(Scraped caption text data)
+ + + +

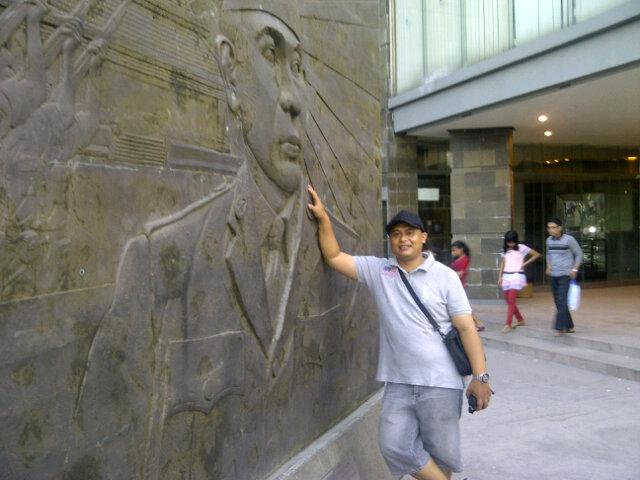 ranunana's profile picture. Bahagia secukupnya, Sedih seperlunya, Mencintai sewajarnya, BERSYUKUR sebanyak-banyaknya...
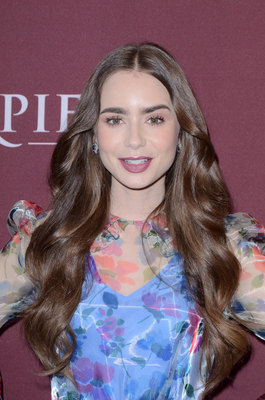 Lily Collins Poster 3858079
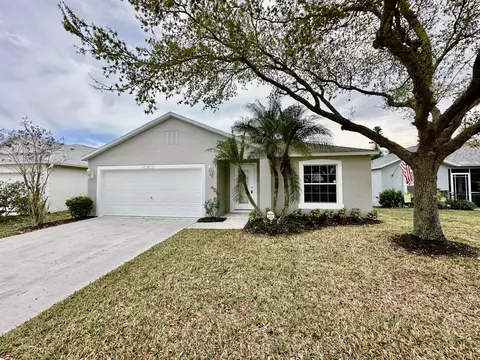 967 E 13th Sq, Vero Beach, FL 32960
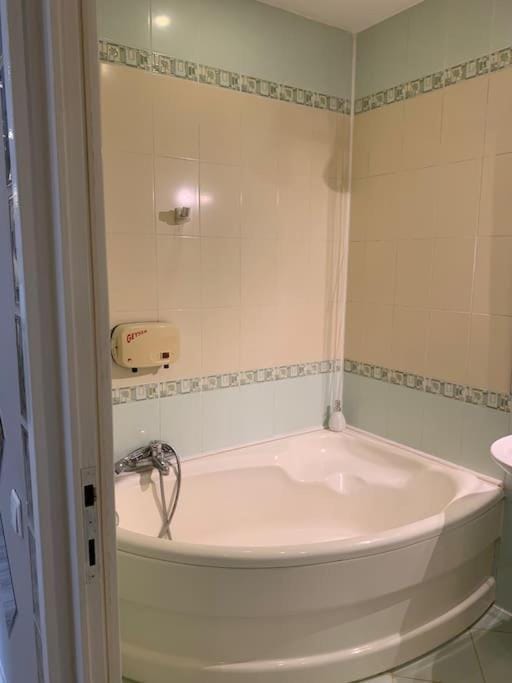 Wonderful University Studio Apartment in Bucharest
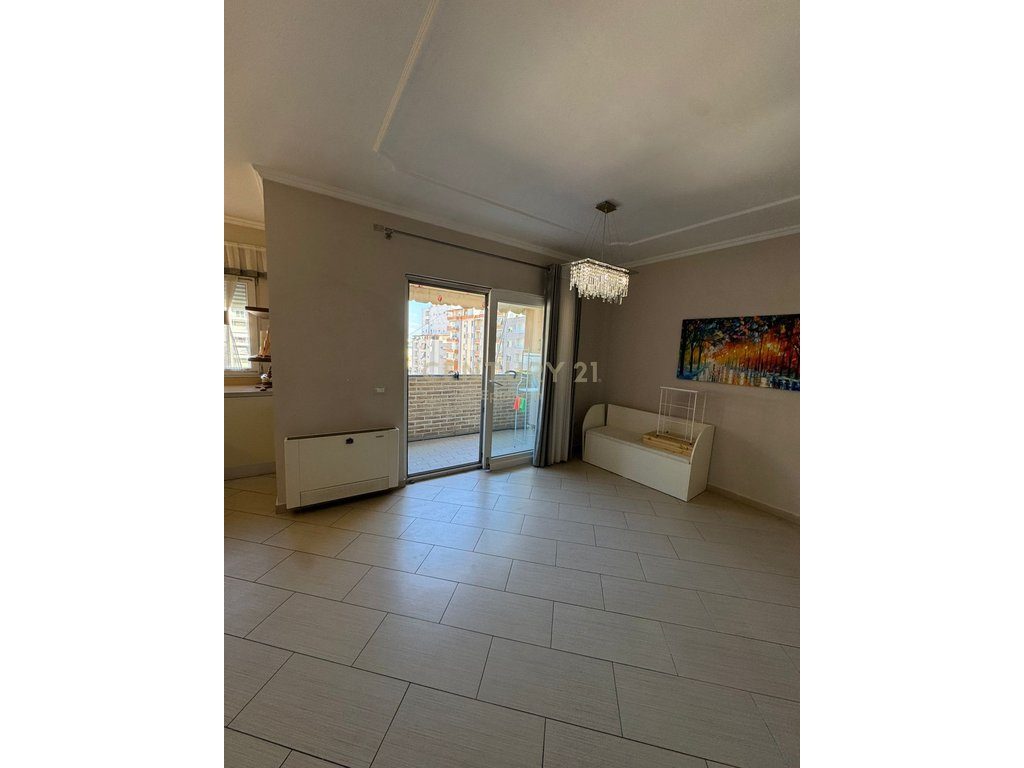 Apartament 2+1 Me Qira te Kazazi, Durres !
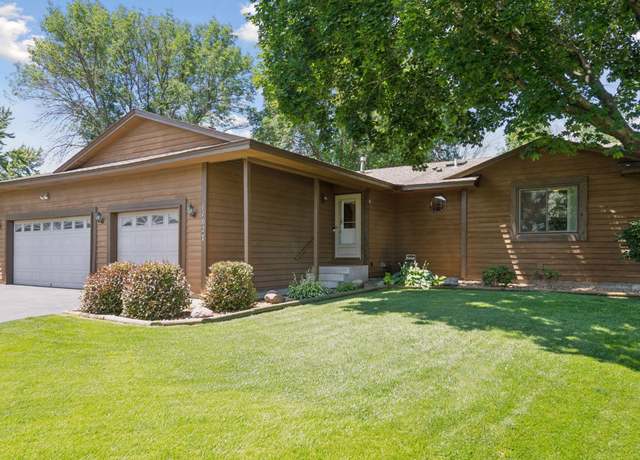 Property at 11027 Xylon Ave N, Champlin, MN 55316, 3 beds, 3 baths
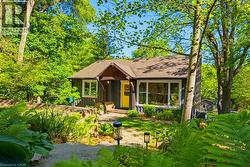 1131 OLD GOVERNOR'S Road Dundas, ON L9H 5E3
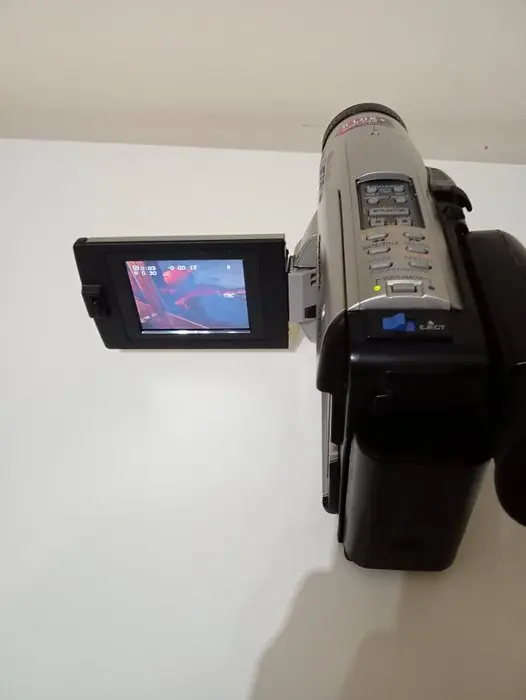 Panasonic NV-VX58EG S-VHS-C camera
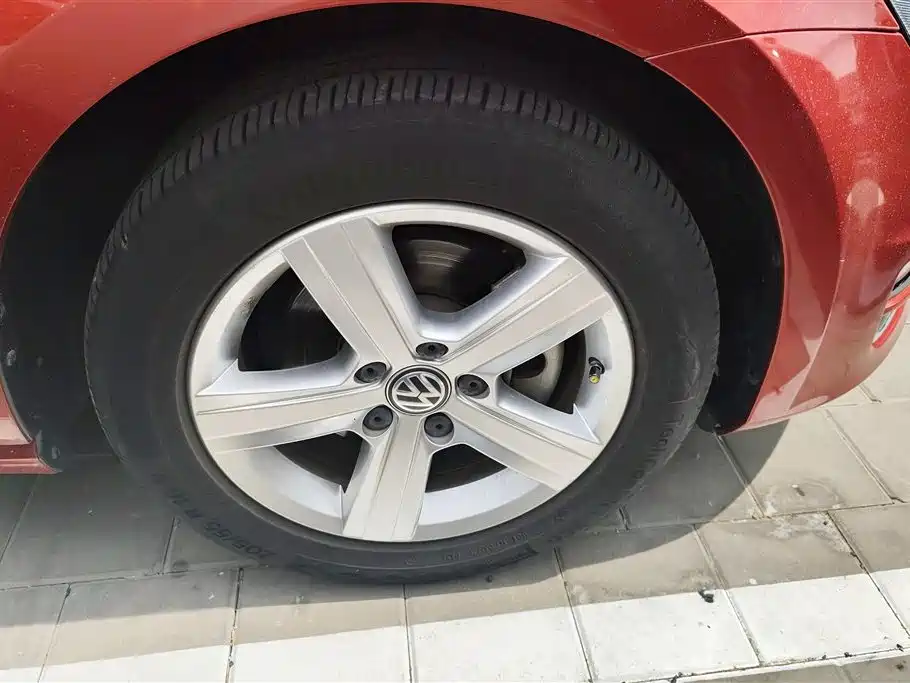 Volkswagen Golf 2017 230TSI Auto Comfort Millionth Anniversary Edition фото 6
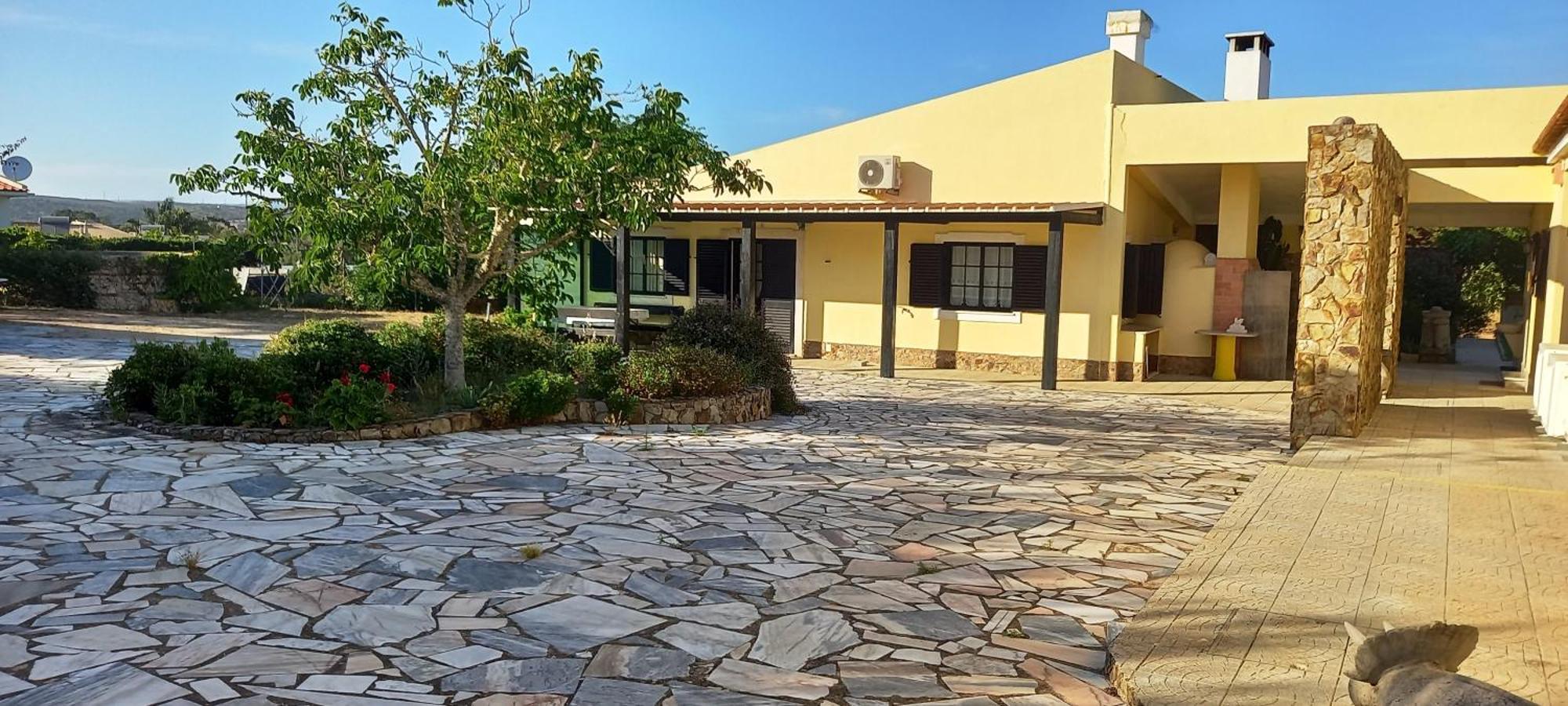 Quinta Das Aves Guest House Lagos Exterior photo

+ + + +

**Description of the task:** Quote every entry exactly, with the pictures omitted.

**The answer:**
 ranunana's profile picture. Bahagia secukupnya, Sedih seperlunya, Mencintai sewajarnya, BERSYUKUR sebanyak-banyaknya...
 Lily Collins Poster 3858079
 967 E 13th Sq, Vero Beach, FL 32960
 Wonderful University Studio Apartment in Bucharest
 Apartament 2+1 Me Qira te Kazazi, Durres !
 Property at 11027 Xylon Ave N, Champlin, MN 55316, 3 beds, 3 baths
 1131 OLD GOVERNOR'S Road Dundas, ON L9H 5E3
 Panasonic NV-VX58EG S-VHS-C camera
 Volkswagen Golf 2017 230TSI Auto Comfort Millionth Anniversary Edition фото 6
 Quinta Das Aves Guest House Lagos Exterior photo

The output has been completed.